It has been found that a reduction in cleaning fee's has led to a 12% increase in partner's earnings.


----------



## Actionjax (Oct 6, 2014)

newsboy559 said:


> A week ago this past Friday, I had a rider puke in the back of my car. While most of the bio-hazard landed in my rubber floor mat, a good portion did get on the carpet, which caused me to have it professionally cleaned. Uber granted me $100 within 30 minutes of me submitting the cleaning fee request and pictures, which is all well and good. However, I responded saying that I doubted $100 would cover the cost it was going to take to get this cleaned up.
> 
> Meanwhile, the Uber CSR reminded me that they reimburse only for the cost of cleaning "the affected portion" of the vehicle. I called three professional detail shops. All of them told me that they don't do details of only specific portions of vehicles. They either do a full detail on the entire interior or they don't do the job at all. Of course, I relayed that message to Uber via email, with no response.
> 
> ...


Moral of the story. Make sure you just go get it cleaned and have the detailer put on the receipt that the cleaning fee was to cover the incident and not a full car detail.

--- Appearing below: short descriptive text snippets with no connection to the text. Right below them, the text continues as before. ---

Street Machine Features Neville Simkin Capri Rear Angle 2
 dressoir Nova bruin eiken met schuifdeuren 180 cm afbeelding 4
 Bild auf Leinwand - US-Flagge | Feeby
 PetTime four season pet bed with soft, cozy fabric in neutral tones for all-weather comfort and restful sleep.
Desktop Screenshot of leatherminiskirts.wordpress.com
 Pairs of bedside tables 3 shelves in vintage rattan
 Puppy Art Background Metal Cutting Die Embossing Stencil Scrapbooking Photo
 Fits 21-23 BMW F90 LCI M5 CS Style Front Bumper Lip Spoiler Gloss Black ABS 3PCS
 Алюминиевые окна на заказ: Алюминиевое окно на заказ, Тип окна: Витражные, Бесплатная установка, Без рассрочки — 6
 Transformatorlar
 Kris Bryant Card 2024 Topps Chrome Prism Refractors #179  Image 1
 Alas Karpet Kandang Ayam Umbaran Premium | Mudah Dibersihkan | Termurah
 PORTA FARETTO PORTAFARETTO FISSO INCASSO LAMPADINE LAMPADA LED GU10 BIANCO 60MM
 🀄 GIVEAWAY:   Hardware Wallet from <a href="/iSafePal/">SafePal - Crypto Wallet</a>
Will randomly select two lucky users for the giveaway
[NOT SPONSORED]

If Uber does not pay up the full amount serve them in writing a notice for small claims court that includes your cost to recover the owed amount. (Cost for cleaning+time lost+court costs). Long as you are documented correctly Uber will pay as court for them is not good use of their legal peoples time. They will pay about $5000 to fight it.


----------



## Casuale Haberdasher (Dec 7, 2014)

newsboy559 said:


> A week ago this past Friday, I had a rider puke in the back of my car. While most of the bio-hazard landed in my rubber floor mat, a good portion did get on the carpet, which caused me to have it professionally cleaned. Uber granted me $100 within 30 minutes of me submitting the cleaning fee request and pictures, which is all well and good. However, I responded saying that I doubted $100 would cover the cost it was going to take to get this cleaned up.
> 
> Meanwhile, the Uber CSR reminded me that they reimburse only for the cost of cleaning "the affected portion" of the vehicle. I called three professional detail shops. All of them told me that they don't do details of only specific portions of vehicles. They either do a full detail on the entire interior or they don't do the job at all. Of course, I relayed that message to Uber via email, with no response.
> 
> ...


POST # 1 /newsboy559 ondering Bison
inquires as to
the Distance from Closest Office: Last Option prior to Nuclear (S.C.Court) Be
SURE to get an Employee, NOT a Zero
Chaos Contractee (all CSR's).

Ahoy thehappytypist and kane !
Lil' Help, heah? Thanks, Bison.


----------



## kane (Feb 28, 2015)

I would say take it to your nearest partner center if you have one. Bodily fluids in cloth usually are met with the highest fees because of the extent it takes to clean them. It's considered a bio-hazard and I know our region treats it as such.


----------



## newsboy559 (Oct 14, 2014)

kane said:


> I would say take it to your nearest partner center if you have one. Bodily fluids in cloth usually are met with the highest fees because of the extent it takes to clean them. It's considered a bio-hazard and I know our region treats it as such.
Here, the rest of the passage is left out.